Segment Open

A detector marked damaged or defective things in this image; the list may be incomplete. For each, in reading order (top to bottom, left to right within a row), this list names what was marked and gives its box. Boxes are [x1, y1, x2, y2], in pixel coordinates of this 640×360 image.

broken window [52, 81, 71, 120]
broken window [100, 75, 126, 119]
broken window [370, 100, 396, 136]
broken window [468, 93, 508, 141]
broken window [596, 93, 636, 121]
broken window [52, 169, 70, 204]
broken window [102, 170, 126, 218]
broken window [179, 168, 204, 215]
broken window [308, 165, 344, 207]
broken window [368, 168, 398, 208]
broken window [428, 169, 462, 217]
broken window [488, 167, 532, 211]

Segment Closed

__INSTRUCTIONS TO FOLLOW__: Nothing should be omitted or altered. Retype the records exactly.

__OUTPUT__:
A detector marked damaged or defective things in this image; the list may be incomplete. For each, in reading order (top to bottom, left to right within a row), this list names what was marked and gives its box. Boxes are [x1, y1, x2, y2], in pixel coordinates of this 640×360 image.

broken window [52, 81, 71, 120]
broken window [100, 75, 126, 119]
broken window [370, 100, 396, 136]
broken window [468, 93, 508, 141]
broken window [596, 93, 636, 121]
broken window [52, 169, 70, 204]
broken window [102, 170, 126, 218]
broken window [179, 168, 204, 215]
broken window [308, 165, 344, 207]
broken window [368, 168, 398, 208]
broken window [428, 169, 462, 217]
broken window [488, 167, 532, 211]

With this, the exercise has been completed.